Pursuant to these provisions of the statute, the proponents and opponents of referendum measure 22 filed arguments for and against its adoption. The argument of the proponents, urging the enactment of the measure, contained the following statement:
“After a deliberation of nearly two months, during which every argument pro and con was analyzed and weighed carefully, the House of Representatives passed the measure by a vote of 72 to 26, and the Senate passed it by a majority of 32 to 11.
*812“The special interests that are opposing Referendum Measure 22 urged the Governor to veto the bill. Governor Langlie, after a painstaking study, and acting on the advice of many experts, signed and approved the measure.”
Then, in answer to the argument advanced by the opponents that, if the measure should be adopted, the reserves theretofore set up for pension cases would require an additional amount of thirteen million dollars at once, the argument of the proponents continued and concluded with this statement:
“No additional reserves are required for past cases. The Referendum Measure specifically provides that it relates only to future accidents. The Attorney General of the State of Washington has rendered an opinion that the measure is not retroactive.” (Italics ours.)

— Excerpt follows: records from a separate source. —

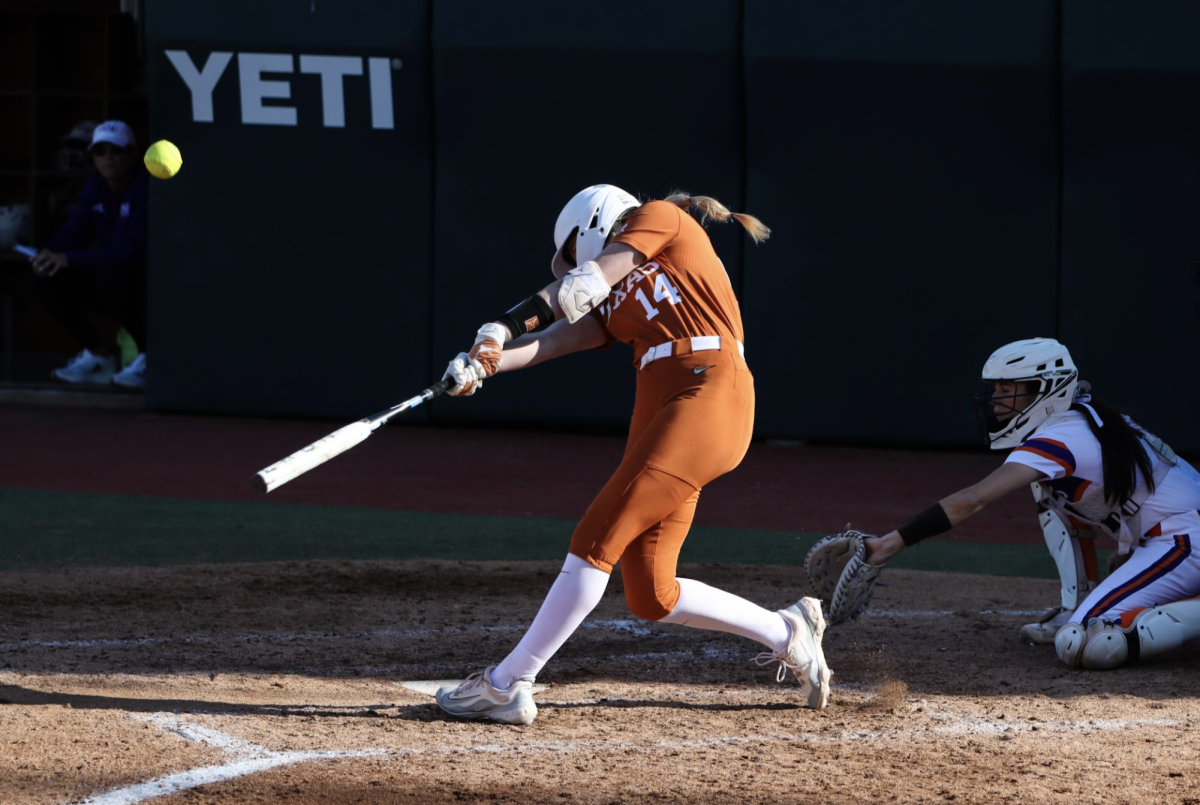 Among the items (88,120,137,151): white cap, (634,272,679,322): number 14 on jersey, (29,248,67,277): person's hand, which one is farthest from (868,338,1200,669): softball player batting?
(29,248,67,277): person's hand

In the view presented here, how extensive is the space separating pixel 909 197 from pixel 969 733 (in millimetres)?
7279

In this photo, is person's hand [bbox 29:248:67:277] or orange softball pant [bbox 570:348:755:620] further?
person's hand [bbox 29:248:67:277]

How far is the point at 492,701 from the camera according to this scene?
4.44 metres

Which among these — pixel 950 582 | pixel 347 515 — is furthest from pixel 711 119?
pixel 950 582

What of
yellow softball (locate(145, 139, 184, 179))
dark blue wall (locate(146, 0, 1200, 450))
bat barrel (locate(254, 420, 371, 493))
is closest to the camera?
bat barrel (locate(254, 420, 371, 493))

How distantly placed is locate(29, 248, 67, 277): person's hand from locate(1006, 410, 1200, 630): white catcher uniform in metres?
9.07

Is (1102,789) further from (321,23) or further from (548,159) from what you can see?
(321,23)

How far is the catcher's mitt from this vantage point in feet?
16.3

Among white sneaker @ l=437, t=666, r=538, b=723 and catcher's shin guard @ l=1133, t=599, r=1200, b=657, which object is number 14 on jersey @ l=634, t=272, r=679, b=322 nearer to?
white sneaker @ l=437, t=666, r=538, b=723

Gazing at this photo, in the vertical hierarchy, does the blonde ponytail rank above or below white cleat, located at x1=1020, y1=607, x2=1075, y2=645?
above

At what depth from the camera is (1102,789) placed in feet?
12.9

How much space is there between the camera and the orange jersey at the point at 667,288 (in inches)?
173

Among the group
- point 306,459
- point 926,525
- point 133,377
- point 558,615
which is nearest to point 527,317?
point 306,459

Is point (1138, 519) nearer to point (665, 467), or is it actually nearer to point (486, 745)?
point (665, 467) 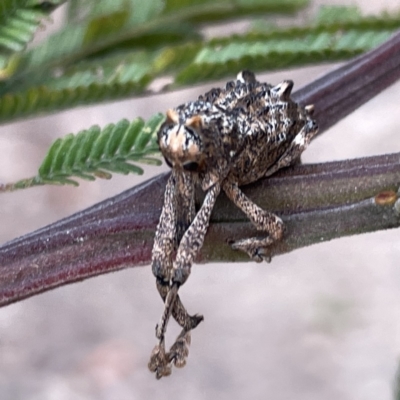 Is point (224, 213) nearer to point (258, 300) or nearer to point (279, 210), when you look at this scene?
point (279, 210)

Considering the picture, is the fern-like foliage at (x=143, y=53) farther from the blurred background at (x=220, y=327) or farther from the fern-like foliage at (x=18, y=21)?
the blurred background at (x=220, y=327)

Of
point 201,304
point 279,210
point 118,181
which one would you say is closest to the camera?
point 279,210

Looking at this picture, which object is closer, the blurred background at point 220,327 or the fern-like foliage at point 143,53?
the fern-like foliage at point 143,53

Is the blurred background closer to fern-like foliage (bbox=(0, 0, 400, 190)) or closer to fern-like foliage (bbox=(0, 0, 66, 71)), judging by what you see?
fern-like foliage (bbox=(0, 0, 400, 190))

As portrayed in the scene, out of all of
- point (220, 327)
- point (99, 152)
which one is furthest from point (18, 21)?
point (220, 327)

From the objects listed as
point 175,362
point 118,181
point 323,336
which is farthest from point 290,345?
point 175,362

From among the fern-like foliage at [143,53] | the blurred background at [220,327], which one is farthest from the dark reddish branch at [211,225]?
the blurred background at [220,327]

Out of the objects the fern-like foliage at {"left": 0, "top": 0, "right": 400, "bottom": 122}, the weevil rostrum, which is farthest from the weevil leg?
the fern-like foliage at {"left": 0, "top": 0, "right": 400, "bottom": 122} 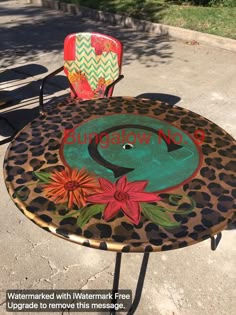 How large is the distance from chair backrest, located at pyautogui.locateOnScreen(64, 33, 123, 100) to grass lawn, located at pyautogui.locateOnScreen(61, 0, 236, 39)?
16.0ft

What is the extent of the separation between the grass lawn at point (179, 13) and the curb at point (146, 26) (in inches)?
10.8

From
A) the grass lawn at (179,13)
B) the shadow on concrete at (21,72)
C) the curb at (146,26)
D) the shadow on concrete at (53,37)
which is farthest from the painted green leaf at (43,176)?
the grass lawn at (179,13)

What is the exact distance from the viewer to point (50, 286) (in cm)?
255

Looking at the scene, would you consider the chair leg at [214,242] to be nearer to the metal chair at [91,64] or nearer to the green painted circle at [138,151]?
the green painted circle at [138,151]

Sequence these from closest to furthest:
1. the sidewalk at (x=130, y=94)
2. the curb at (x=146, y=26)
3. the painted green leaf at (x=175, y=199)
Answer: the painted green leaf at (x=175, y=199) → the sidewalk at (x=130, y=94) → the curb at (x=146, y=26)

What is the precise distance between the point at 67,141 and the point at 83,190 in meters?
0.57

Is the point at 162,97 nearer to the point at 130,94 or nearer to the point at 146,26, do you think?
the point at 130,94

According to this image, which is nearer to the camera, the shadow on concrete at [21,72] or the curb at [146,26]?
the shadow on concrete at [21,72]

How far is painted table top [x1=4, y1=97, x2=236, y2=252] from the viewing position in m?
1.70

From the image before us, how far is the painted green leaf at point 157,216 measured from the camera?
1.72m

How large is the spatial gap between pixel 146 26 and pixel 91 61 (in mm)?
5444

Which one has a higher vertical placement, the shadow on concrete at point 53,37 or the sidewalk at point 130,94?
the shadow on concrete at point 53,37

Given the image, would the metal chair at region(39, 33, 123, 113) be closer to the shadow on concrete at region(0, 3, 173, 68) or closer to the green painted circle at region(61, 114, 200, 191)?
the green painted circle at region(61, 114, 200, 191)

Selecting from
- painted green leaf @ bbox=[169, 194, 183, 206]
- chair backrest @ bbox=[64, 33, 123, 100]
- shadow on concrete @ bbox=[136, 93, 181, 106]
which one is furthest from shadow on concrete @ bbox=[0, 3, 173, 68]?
painted green leaf @ bbox=[169, 194, 183, 206] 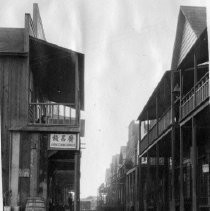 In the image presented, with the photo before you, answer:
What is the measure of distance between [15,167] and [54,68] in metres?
4.60

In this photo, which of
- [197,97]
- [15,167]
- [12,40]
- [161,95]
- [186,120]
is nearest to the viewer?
[15,167]

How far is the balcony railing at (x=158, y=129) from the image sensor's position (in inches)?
858

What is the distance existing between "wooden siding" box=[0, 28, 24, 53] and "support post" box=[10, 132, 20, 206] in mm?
3235

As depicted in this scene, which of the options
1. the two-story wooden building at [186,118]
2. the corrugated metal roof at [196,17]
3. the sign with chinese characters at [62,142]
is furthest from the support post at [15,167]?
the corrugated metal roof at [196,17]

The argument of the proponents was signed by the president of Washington State Federation of Labor. At the general election held in November, 1942, the measure was approved by the people and went into operation by proclamation of the governor on December 3rd of the same year'.
The voters of the state in acting upon this measure were exercising their reserved power of legislation, under amendment seven of the Washington constitution. They were advised officially that the measure related only to future accidents and was not retroactive. The argument with reference to the referendum measure was published in pamphlet form and mailed to each voter for the express purpose of advising the electorate of the merits and applicability of the proposed legislation. It is to' be presumed that the voters relied upon the information thus given to them in the manner provided by law.
In determining the meaning of legislation enacted through initiative or referendum, the courts have the right to look to, and may consider, the published arguments made in connection with the submission of such measures to the vote of the electorate. People v. Fowler, 32 Cal. App. (2d) 737, 84 P. (2d) 326; Eugene School Dist. No. 4 v. Fisk, 159 Ore. 245, 79 P. (2d) 262; 2 Sutherland, Statutory Construe*813tion (3d ed.) 507, § 5016. We thus have positive evidence of what the people intended when they voted to adopt the referendum measure.
Summing up the situation with reference to the determination of the legislative intent involved in this piece of legislation, we have as guides not only the presumption of prospective operation of the law, and the rule that retrospective operation will not be applied in the absence of language clearly indicating such legislative intent, but we also have concrete evidence of the intention of the governor in approving the act and of the people in subsequently adopting the referendum measure.
We are convinced that the legislative intent under which chapter 209, Laws of 1941, and referendum measure 22 were finally enacted was that the law should apply only to those cases wherein the injuries from which pension rights are derived occur subsequent to the effective date of the law, namely, December 3, 1942.
The judgment is affirmed.
Beals, Millard, Robinson, and Jeffers, JJ., concur.